Stories Behind The Songs
The Rising – Calling
‘Calling You’ was a song that took time to develop. Generally, I’m not the type to sit and stew over one song as I find you lose focus this way. So I will have a few songs on the go at the same time, constantly developing ideas as I go. This way, only the strongest songs come out fighting. Some get left by the wayside or never see the light of day and some may be developed much later. I (and we as a band) are very meticulous regarding songwriting and will spend days getting the right line, but I like the initial bones of a song to come quickly or develop naturally. But, ‘Calling You’ was different, right from the early demos it was a strong idea. But, it was always felt that it could be stronger, something just wasn’t right. “Calling You” was worked on over a long period and featured several edits, re-writes and development in the recording studio.
The initial idea for the song was the idea of someone writing in their diary, recalling a lost love and wondering what happened that it went so wrong, how the other person has moved on and is there any way back. This gave the song an almost 3-dimensional feel. Anyone can write the standard love song that talks about one persons love for another. But things get more interesting when you add in the extra dimension of I love you, but you love someone else.

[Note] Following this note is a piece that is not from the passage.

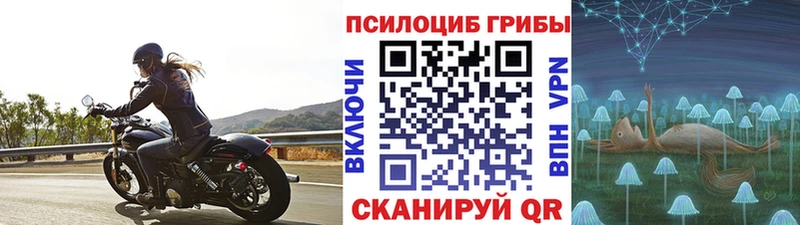 Галлюциногенные грибы GOLDEN TEACHER  купить  цена  Уфа 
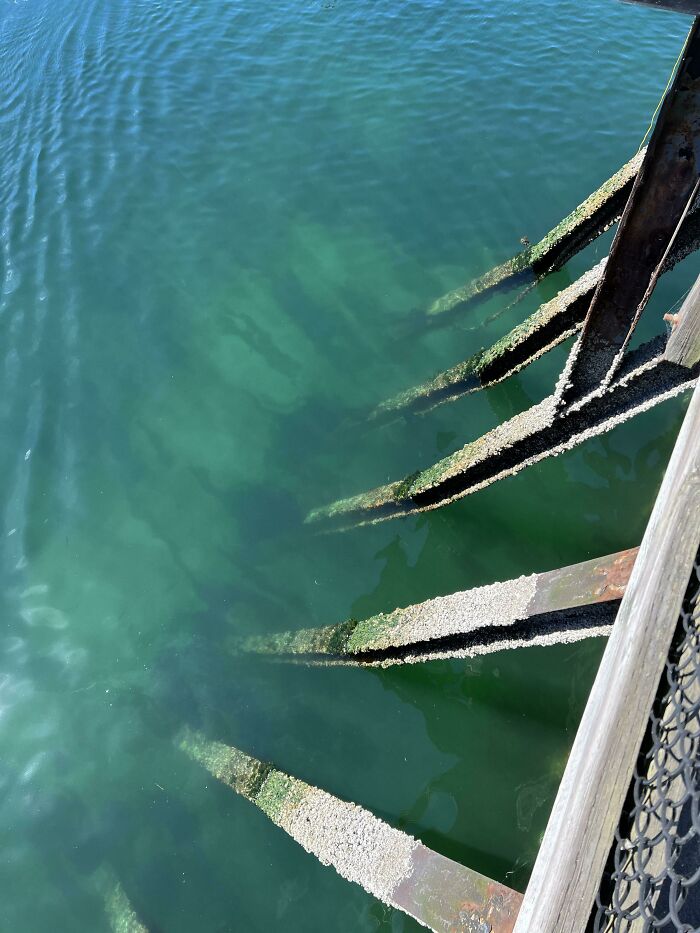 Water Visibility Is Just Enough To Creep Me Out (Golden Gardens Pier, Seattle)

The song was written with the lyrics first with the song developing out of the ‘screenplay technique’ as I like to call it. This is where I will write a mini-movie of the story and characters contained within. That way parts of the screenplay can then be used for parts of the lyric or inform the direction. The first decision made about the song was to make sure it was fully-inclusive and that anyone could get the message and make the song their own. In this case the song started off being quite complex with allot of lyrical content, playing on metaphor etc. Eventually, the song was stripped back so that the message could be universal and the story easy to follow on first listen.

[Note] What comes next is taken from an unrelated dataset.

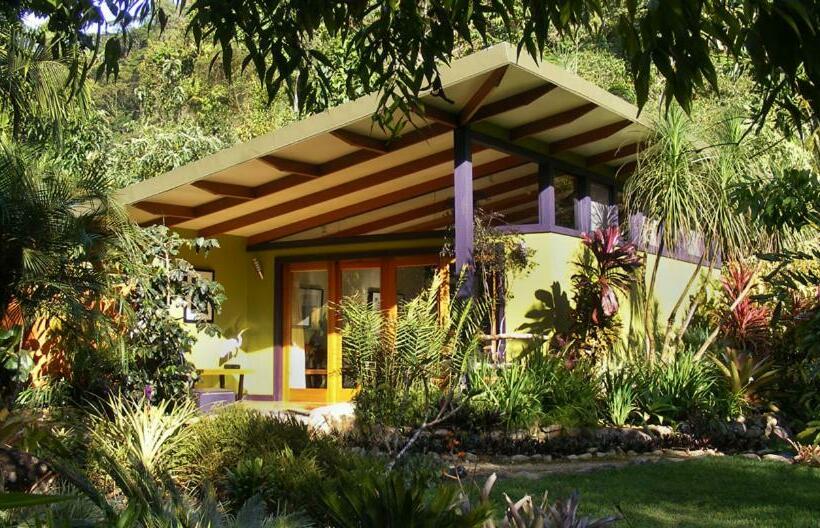 جناح مطلّ علي الحديقة, Chirripo Art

As with all songs the hardest part is the first few lines as they are the most important part of the song. If a picture isn’t painted within the first few lines forget about it. But strangely, in this case they were one of the first parts of the song to come:
“Whatever happened to our Yesterday’s.
Where did they go,
How far did I stray,
I don’t understand why you set me free”
These few lines set the scene and tone of the song. Here they describe someone who is looking back at all the good times, wondering what happened and not understanding why they separated. The rest of the first verse then moves onto wondering when the moment came that love died and the point of separation.
In the second verse the song develops to find the character thinking back on the idea of, “did I ever know the real person”
“I thought I knew all the sides of you,
But the winds of change brought something new”
Then we start to see the song twisting a little where the character is looking back with the passing of time and remembering the time things changed and how they will never forget the moment.
“The sands of time have changed their view,
But I can’t forget what I did to you,
I made you cry”
The chorus then ties the song together. Here we have the character reaching out to the other to try and resolve any differences and re-unite the relationship.
“Calling You, but your so far away,
I’m reaching out to you each day
Its a one-way system where we never meet,
There’s nothing there just an empty street”
The chorus was the first part of the song fully completed and never really changed much from the original working demo of the song. Usually several demos are made of a song to see how the song works melodically and what needs changed to make it more melodic. As with the first lines being important, if the window cleaner can’t whistle the tune then the song doesn’t really work. So its always a fine line trying to be clever lyrically but still keeping the song melodic.
Once the verses and choruses where concreted and the song had been demoed a few times I still felt something was missing. I felt that the song needed a definitive breaking point where one of the characters moves on shattering the other persons hopes of re-uniting in pieces. I felt that the most dramatic thing to do was to have one of the characters getting married and moving on.
“Now You said your gonna get married,
and live out your dreams with someone new,
Don’t you know that I’m Nothing Without you”
I felt this completed the song and really brought home the feel of someone really longing for lost love to be reunited. But the song in the end remains hopeful that maybe things can be worked out.
Musically, the song was originally very different and was a straight down the line ballad. It was demoed this way several times. However, because the lyrical content was so dramatic and downbeat I thought that the music should provide the counter to that and be uplifting. So first thing was to bring the song out of a minor key and into a major key. But the Middle 8 would key change to the relative minor. It started with two riff ideas. One played on a banjo with delay pedal which was then transferred to guitar in the studio. The other the solo guitar part, which is now replaced by harmonica live. So this goes to show that even when a song is fully recorded and released that it can still go through changes. But, with the bones of the song concrete the song then developed in the studio to what it is today. As we view the recording studio as another instrument.
An interesting point to note about this song is that the initial idea of someone writing in their diary is why we decided to release an animated lyric video as the songs music video. This video gives the feel of someone writing away in their diary, turning the pages and even right down to the ink stains on the page.